START Records shown
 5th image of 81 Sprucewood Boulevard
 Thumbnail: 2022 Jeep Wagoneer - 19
END Records shown
START Records shown
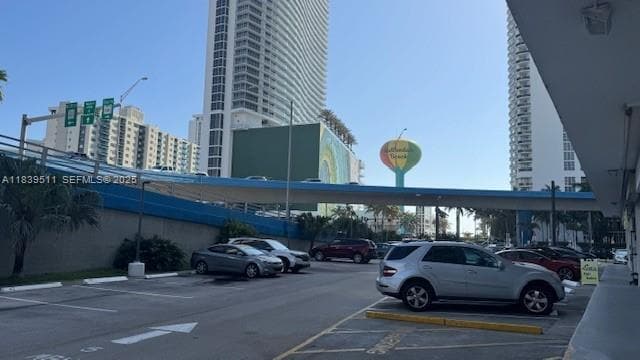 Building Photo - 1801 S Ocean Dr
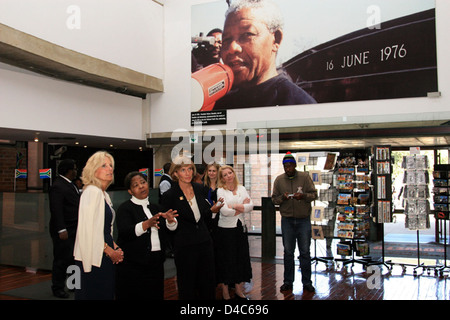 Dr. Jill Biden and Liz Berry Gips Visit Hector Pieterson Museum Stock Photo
END Records shown
Your task: Look above for the line containing "Building Photo - 1801 S Ocean Dr", then copy exactly from it through the line containing "Dr. Jill Biden", keeping both and leaving out pictures. Add nothing else.

Exercise solution:
 Building Photo - 1801 S Ocean Dr
 Dr. Jill Biden and Liz Berry Gips Visit Hector Pieterson Museum Stock Photo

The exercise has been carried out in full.